Some comments while going through the mega-patch:
+(define_insn "*movxi_internal_avx512f"
+ [(set (match_operand:XI 0 "nonimmediate_operand" "=x,x ,m")
+ (match_operand:XI 1 "vector_move_operand" "C ,xm,x"))]
+ "TARGET_AVX512F && !(MEM_P (operands[0]) && MEM_P (operands[1]))"
+{
+ switch (which_alternative)
+ {
+ case 0:
+ return standard_sse_constant_opcode (insn, operands[1]);
+ case 1:
+ case 2:
+ return "vmovdqu32\t{%1, %0|%0, %1}";
+ default:
+ gcc_unreachable ();
+ }
+}
+ [(set_attr "type" "sselog1,ssemov,ssemov")
+ (set_attr "prefix" "evex")
+ (set_attr "mode" "XI")])
Even with the fact, that the cost of unaligned move is equal to
aligned one, I would rather see these moves split to aligned and
unaligned case, in the same way as movoi_internal_avx.
(define_insn "*mov<mode>_internal"
- [(set (match_operand:V16 0 "nonimmediate_operand" "=x,x ,m")
- (match_operand:V16 1 "nonimmediate_or_sse_const_operand" "C ,xm,x"))]
+ [(set (match_operand:V16 0 "nonimmediate_operand" "=v,v ,m")
+ (match_operand:V16 1 "nonimmediate_or_sse_const_operand" "C ,vm,v"))]
...
+ /* Reg -> reg move is always aligned.
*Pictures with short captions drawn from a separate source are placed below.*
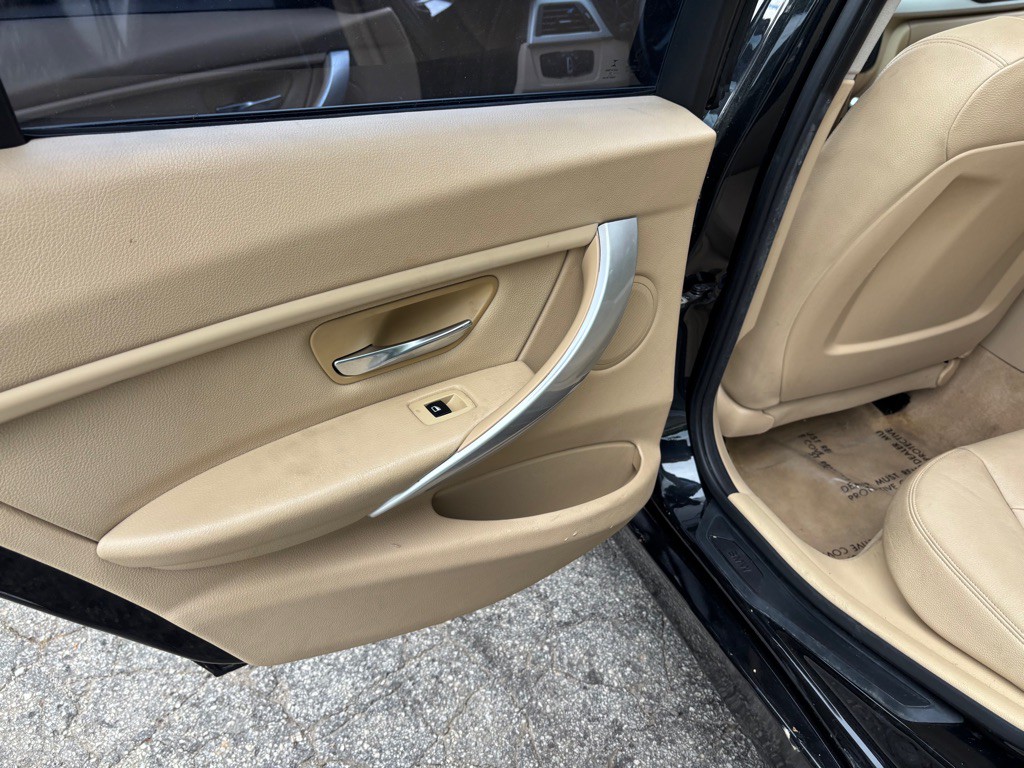 2015 BMW 3 Series Image 26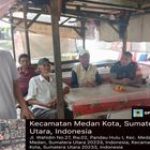 Babinsa Sertu Candra Jalin Komsos dengan Warga di Warung Kopi Jalan Wahidin SMPH Tapanuli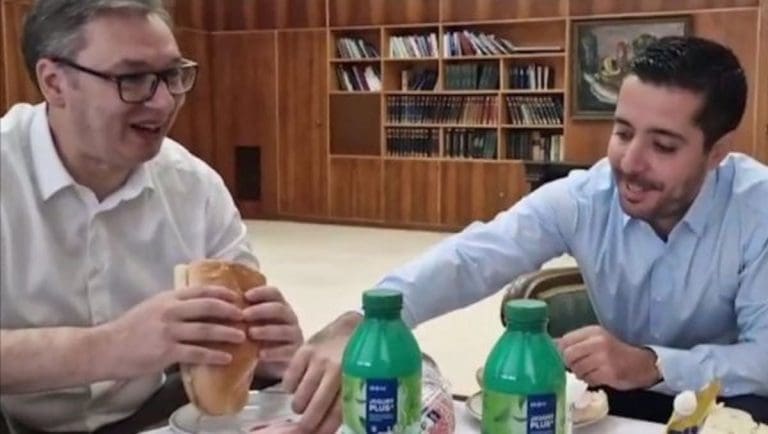 Obratite pažnju na jedan detalj na snimku gdje Vučić pravi sendvič s parizerom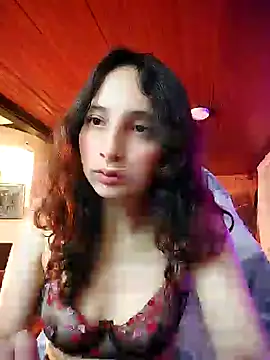 Snapshot of _Laary chatting on December 2024 09:05:01 PM  Laary online show from December 2024 09:05:01 PM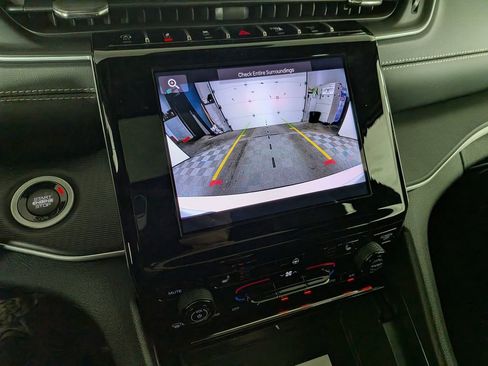 New 2025 Jeep Grand Cherokee L Altitude image 25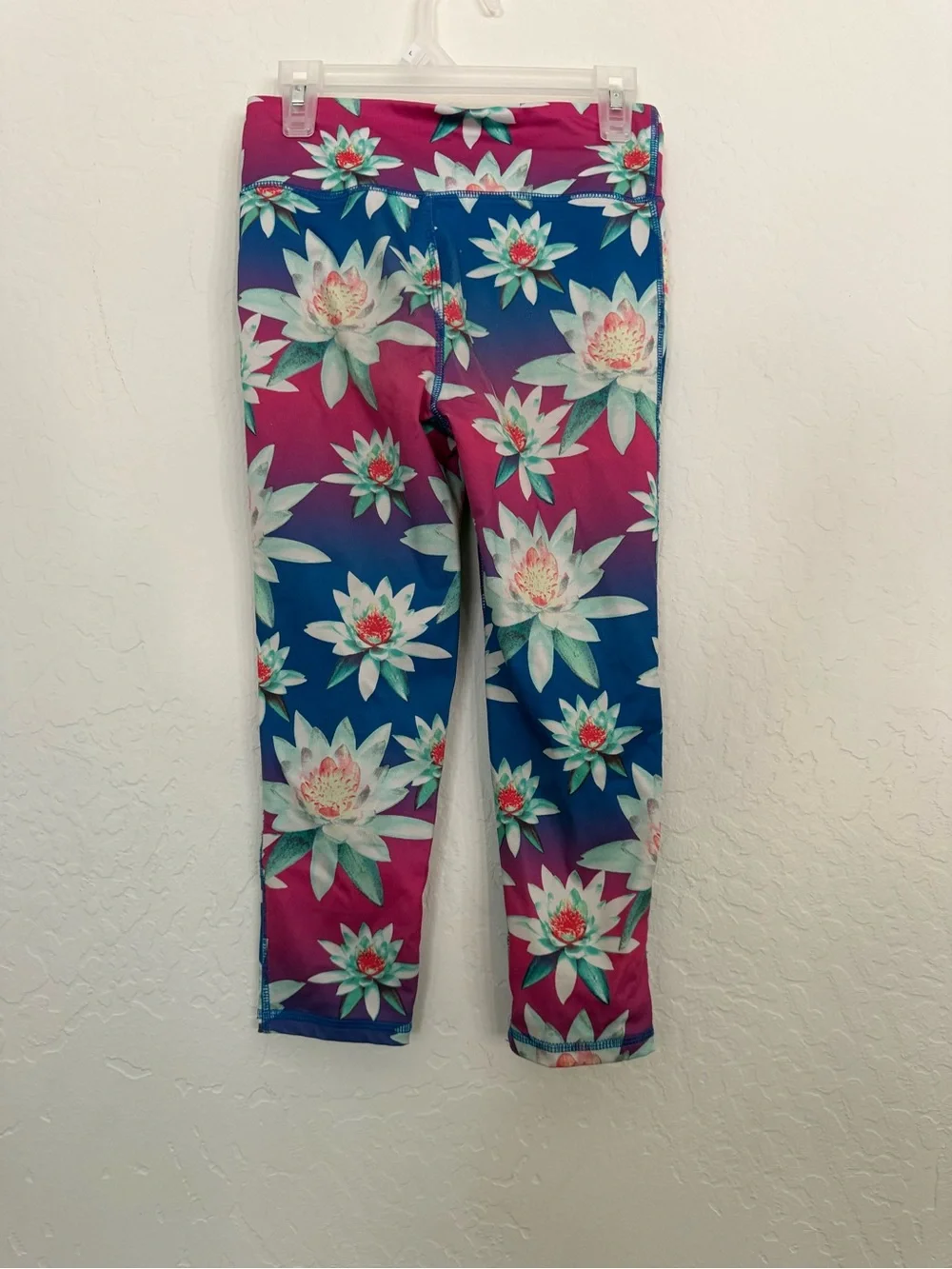 GAP Girls Floral Leggings in Pink and Blue Gradient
Just use wider move. */
+ switch (mode)
+ {
+ case MODE_V8SF:
+ case MODE_V4SF:
+ return "vmovaps\t{%g1, %g0|%g0, %g1}";
+ case MODE_V4DF:
+ case MODE_V2DF:
+ return "%vmovapd\t{%g1, %g0|%g0, %g1}";
No need for % prefix. This is AVX only insn.
+ case MODE_OI:
+ case MODE_TI:
+ return "vmovdqu64\t{%g1, %g0|%g0, %g1}";
vmovdqa64, we are operating on registers only.
+ case MODE_XI:
+ if (<MODE>mode == V8DImode)
+ return "vmovdqu64\t{%1, %0|%0, %1}";
+ else
+ return "vmovdqu32\t{%1, %0|%0, %1}";
Please put mode calculations to mode attribute. It looks that
sseinsnmode is not working correctly here, and needs to be updated to
correctly select OI and XI mode.
Uros.